Can the following be valid statements?

• Will it rain
• Oh! those heavy rains.
• I am telling you a lie.

Out of the above, the first two are not statements, obviously. The third statement refers to itself, and hence, is circular, and is called a paradox.

II) Negation, Conjunction, Disjunction and their values:

IIa) Negation: To negate a statement, technically speaking, simply put a NOT in front of the whole statement. The negation of a statement is its counter-example.

Here’s an interesting example: consider the statement, “John is very intelligent”. The negation is not “John is very dull”. The original statement refers to degrees of intelligence. So, the correct negation is “John is not very intelligent”.

Consider the following statement: For every $x \in A$,, statement P holds. The negation of this statement is as follows: For at least one $x \in A$, statement P does not hold. Equivalently, there exists some $x \in A$ such that statement P does not hold.
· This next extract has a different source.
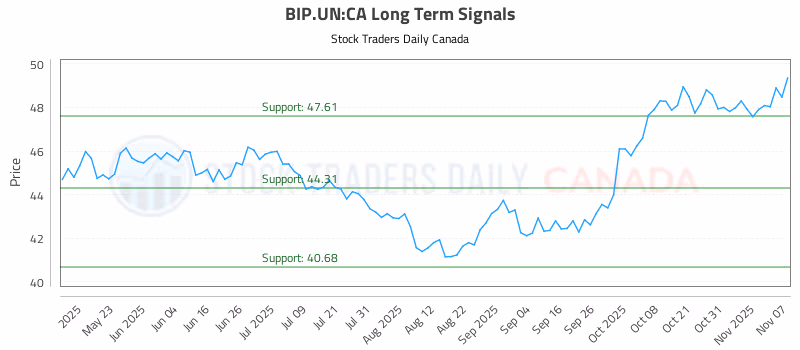 Stock Chart for BIP.UN:CA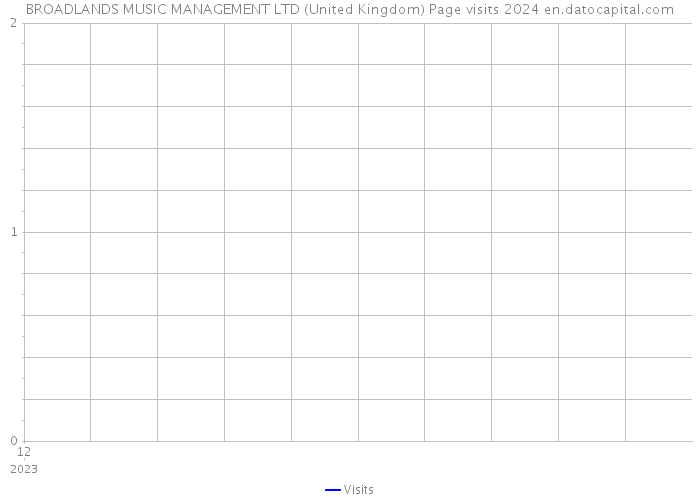BROADLANDS MUSIC MANAGEMENT LTD (United Kingdom) Page visits 2024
IIb) Disjunction or the meaning of “OR”:

In ordinary, everyday, colloquial English, the word “OR” is ambiguous. Sometimes, the statement “P or Q” means “P or Q or both” and sometimes, it means “P or Q but not both”. (EEs and CS engineers know this as inclusive OR and Exclusive OR). Usually, one decides from the context, which meaning is intended. For example, suppose I spoke two students as follows:

“Mr. Smith, every student registered for this course has taken either a course in linear algebra or a course in analysis.”

“Mr. Jones, either you get a grade of at least 70 on the final exam, or you will flunk this course.”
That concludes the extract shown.